* WORK INSTRUCTION: Transcribe the listing exactly; drop the images.

* DATASET ENTRIES:
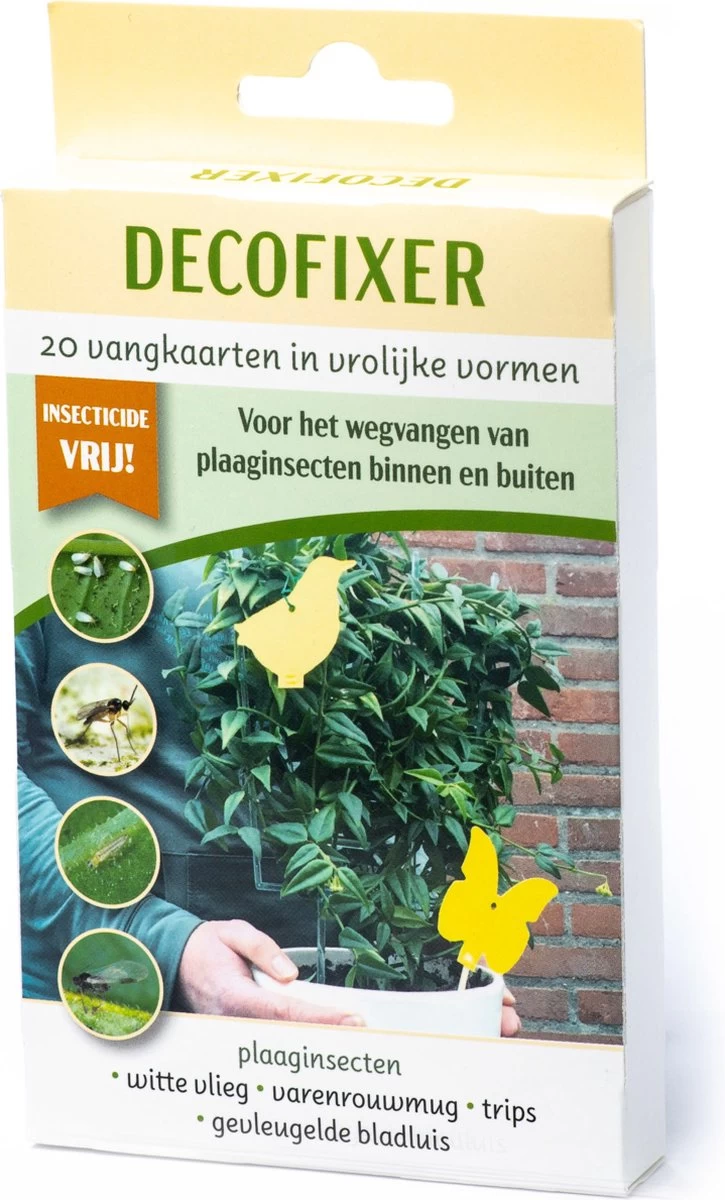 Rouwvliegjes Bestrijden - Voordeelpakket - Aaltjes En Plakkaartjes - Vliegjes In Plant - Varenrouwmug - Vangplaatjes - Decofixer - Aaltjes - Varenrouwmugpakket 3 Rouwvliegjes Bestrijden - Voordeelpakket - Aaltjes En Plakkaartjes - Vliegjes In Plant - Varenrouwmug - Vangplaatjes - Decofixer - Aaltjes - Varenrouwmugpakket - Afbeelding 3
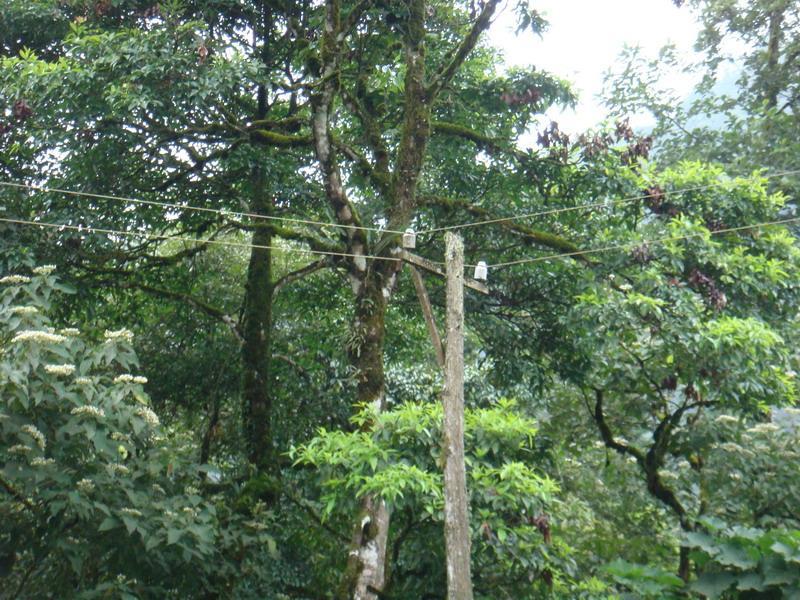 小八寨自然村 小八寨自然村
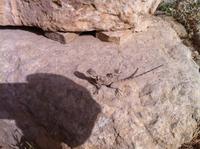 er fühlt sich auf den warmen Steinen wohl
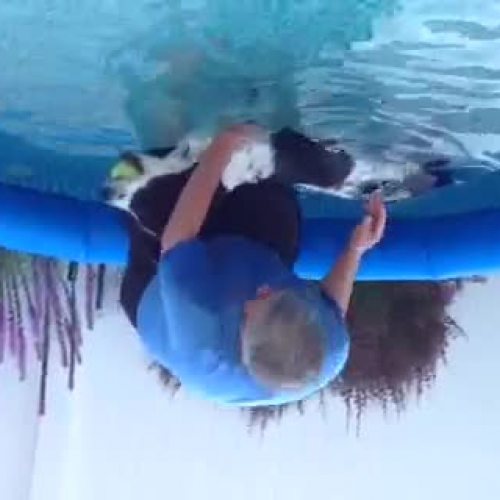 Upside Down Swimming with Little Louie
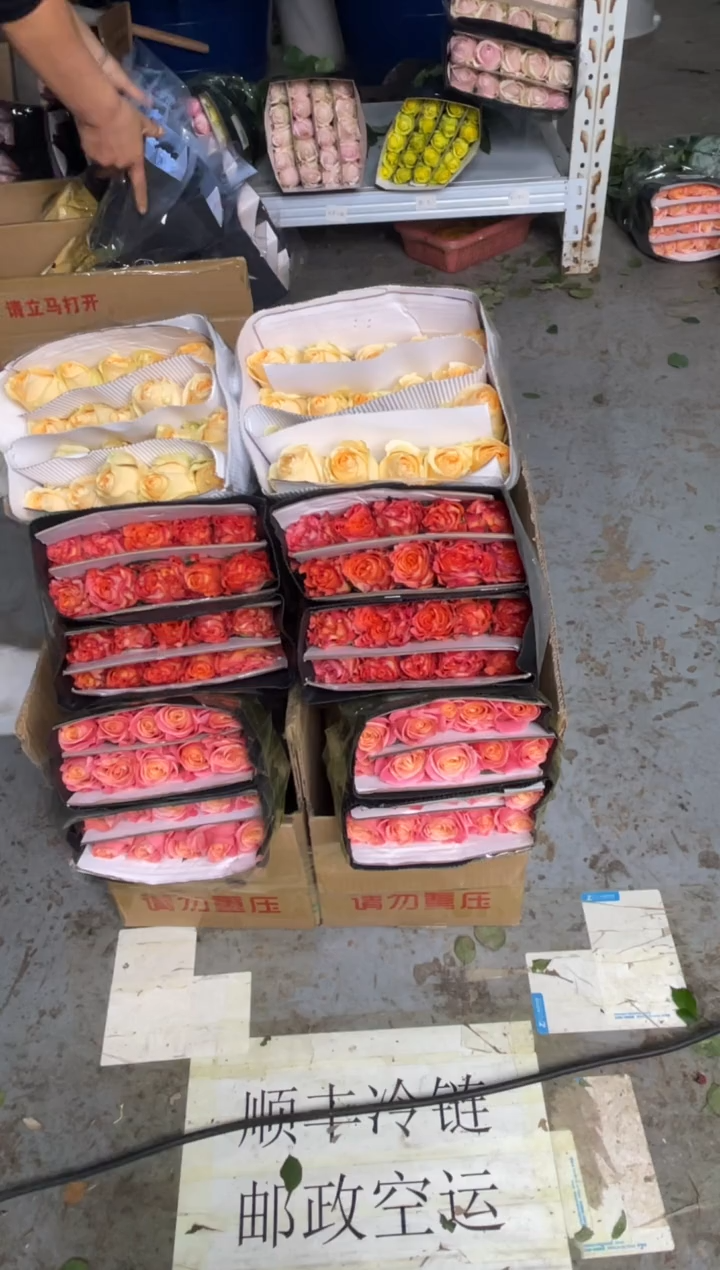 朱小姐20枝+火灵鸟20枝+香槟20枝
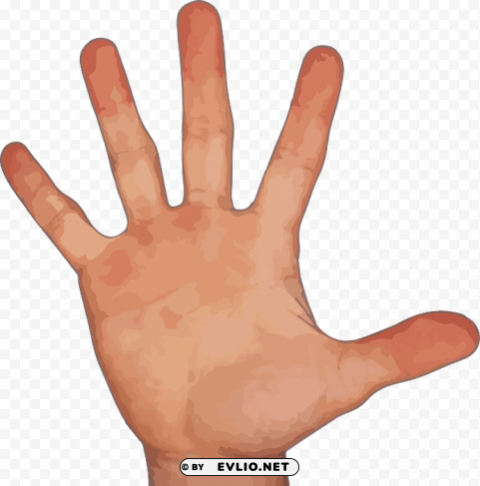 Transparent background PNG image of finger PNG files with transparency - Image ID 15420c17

* SOLVED PROBLEM:
 Rouwvliegjes Bestrijden - Voordeelpakket - Aaltjes En Plakkaartjes - Vliegjes In Plant - Varenrouwmug - Vangplaatjes - Decofixer - Aaltjes - Varenrouwmugpakket 3 Rouwvliegjes Bestrijden - Voordeelpakket - Aaltjes En Plakkaartjes - Vliegjes In Plant - Varenrouwmug - Vangplaatjes - Decofixer - Aaltjes - Varenrouwmugpakket - Afbeelding 3
 小八寨自然村 小八寨自然村
 er fühlt sich auf den warmen Steinen wohl
 Upside Down Swimming with Little Louie
 朱小姐20枝+火灵鸟20枝+香槟20枝
 Transparent background PNG image of finger PNG files with transparency - Image ID 15420c17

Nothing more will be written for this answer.